Cristo lo sella con la obligatoriedad formal de la indisolubilidad, registrada sobre todo por Mateo, cuando narra una trampa que le querían tender los fariseos acerca del tema: “Se acercaron a Jesús unos fariseos y le preguntaron, para ponerlo a prueba: ‘¿Es lícito a un hombre repudiar a su mujer por cualquier motivo?’. Él les respondió: ‘¿No habéis leído que el Creador, en el principio, los creó hombre y mujer, y dijo: “Por eso dejará el hombre a su padre y a su madre, y se unirá a su mujer, y serán los dos una sola carne”? De modo que ya no son dos, sino una sola carne. Pues lo que Dios ha unido, que no lo separe el hombre’” (Mt 19, 3-6). Y aún les asevera “Por la dureza de vuestro corazón os permitió Moisés repudiar a vuestras mujeres; pero, al principio, no era así. Pero yo os digo que, si uno repudia a su mujer —no hablo de unión ilegítima— y se casa con otra, comete adulterio” (Mt 19, 8-9).

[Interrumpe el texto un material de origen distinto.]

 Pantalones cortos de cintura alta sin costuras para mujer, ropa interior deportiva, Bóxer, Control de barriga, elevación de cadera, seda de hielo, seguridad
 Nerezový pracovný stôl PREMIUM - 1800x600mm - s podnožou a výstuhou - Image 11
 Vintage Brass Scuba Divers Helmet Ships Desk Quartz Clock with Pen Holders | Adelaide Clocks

De este modo, los cristianos, desde los primeros tiempos, se esfuerzan en vivir según su maestro y viven el matrimonio como signo de fe, como lo atesta uno de los más antiguos documentos del cristianismo primitivo: “Los cristianos no se distinguen de los demás hombres […]. Se casan como todos y engendran hijos, pero no abandonan a los nacidos. Ponen mesa común, pero no lecho. Viven en la carne, pero no viven según la carne” (Carta a Diogneto, n. 5). El actual rito del matrimonio, al confirmar el sacramento, en el consentimiento de entrega de los esposos, uno al otro, dice: “El Señor confirme el consentimiento que han manifestado delante de la Iglesia, y realice en vosotros lo que su bendición os promete. Que el hombre no separe lo que Dios ha unido”. Es Dios quien los une por toda la vida. Por lo tanto, existe una moral familiar que debe ser seguida y amada.

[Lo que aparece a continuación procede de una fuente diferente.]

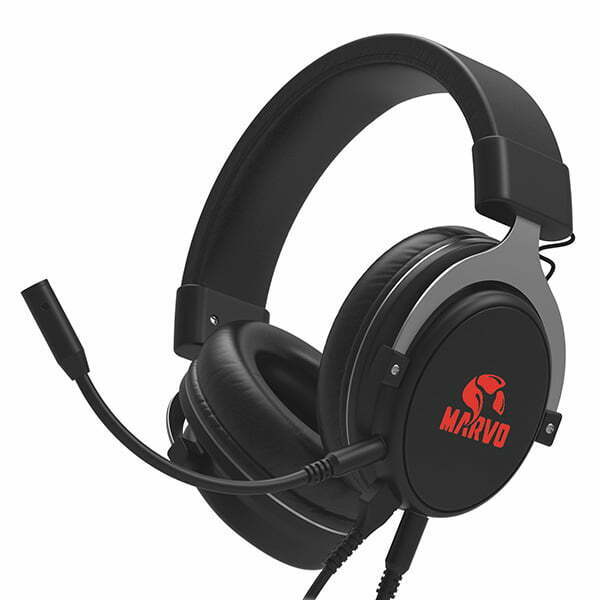 Marvo HG9052, słuchawki z mikrofonem, regulacja głośności, czarna, 7.1 (wirtualne), podświetlane na czerwono, 7.1 (virtual) typ US-3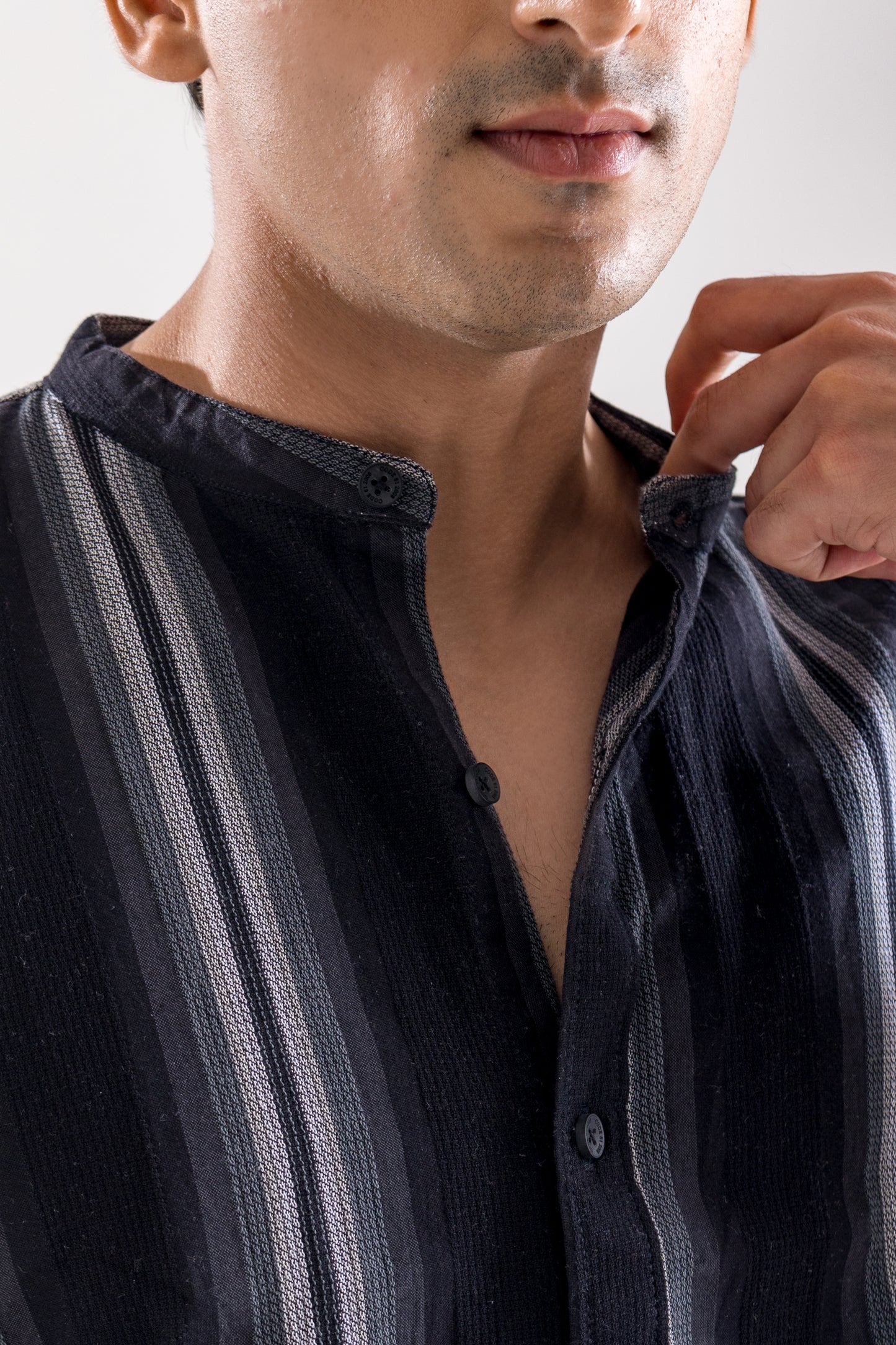 Black Regular Fit Structured Fabric Shirt with Contrast Stripes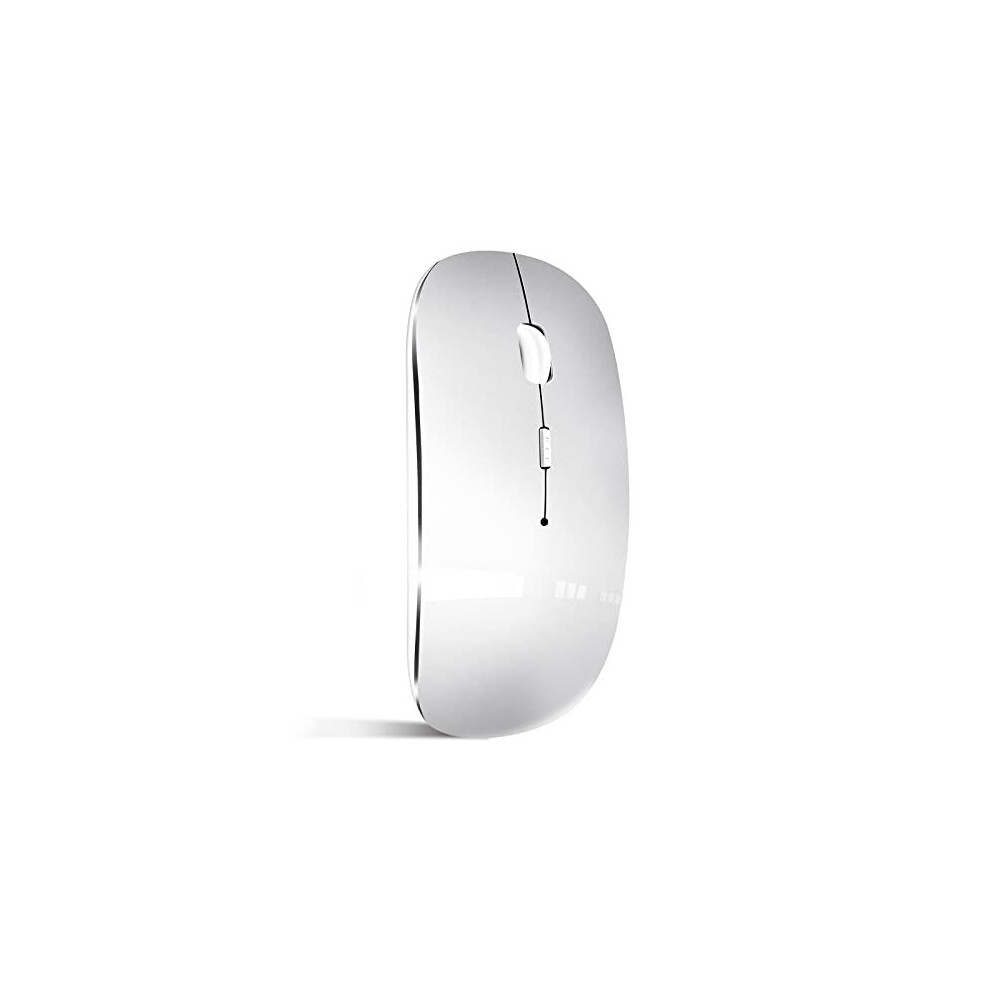 Bluetooth Mouse, Rechargeable Wireless Mouse for MacBook Pro/Air/iPad/Laptop/PC/Mac/Computer, Silver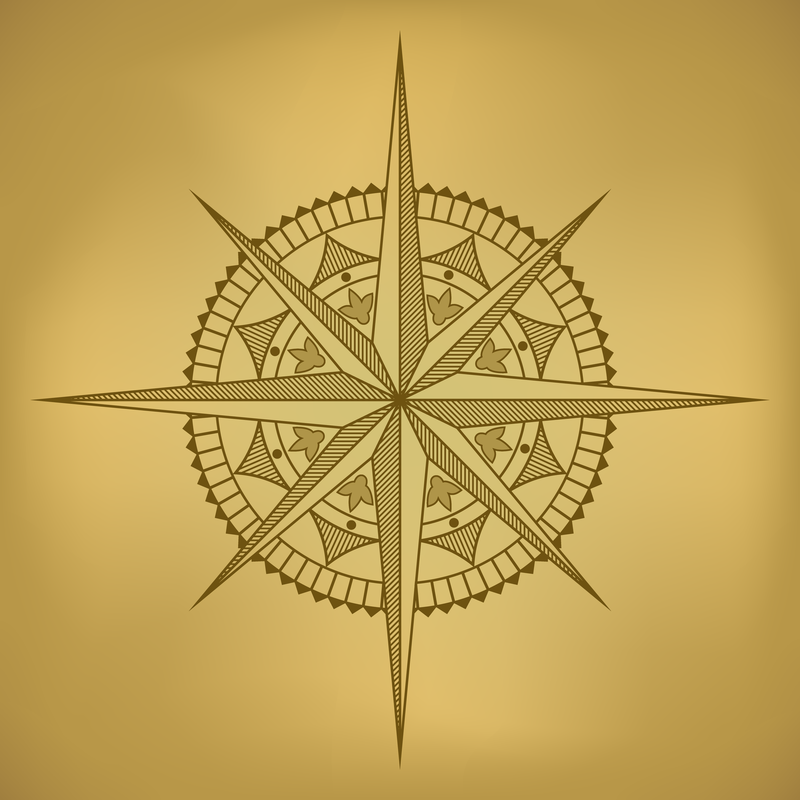 800x800 Old Map And Compass Vector 2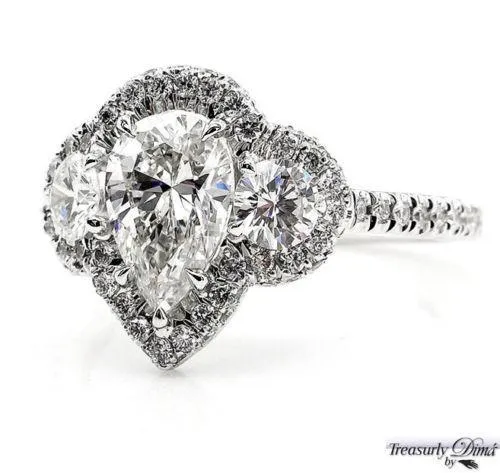 PEAR SHAPED DIAMOND THREE STONE WITH HALO ENGAGEMENT WEDDING RING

Y si estas reglas son “demasiado rígidas”, hay que recordar que fueron dadas por el mismo Dios. No son “catalogadas o encerradas en afirmaciones” humanas. Evidentemente la Iglesia, en su misión pastoral, ayuda y guía aquellos que se encuentran en una situación irregular, pero toda y cualquier acción de los pastores debe ser en el sentido de una solución que no contraríe la Ley de Dios, apoyada en la verdad y en la coherencia entre la elección de vida y la fe que se profesa.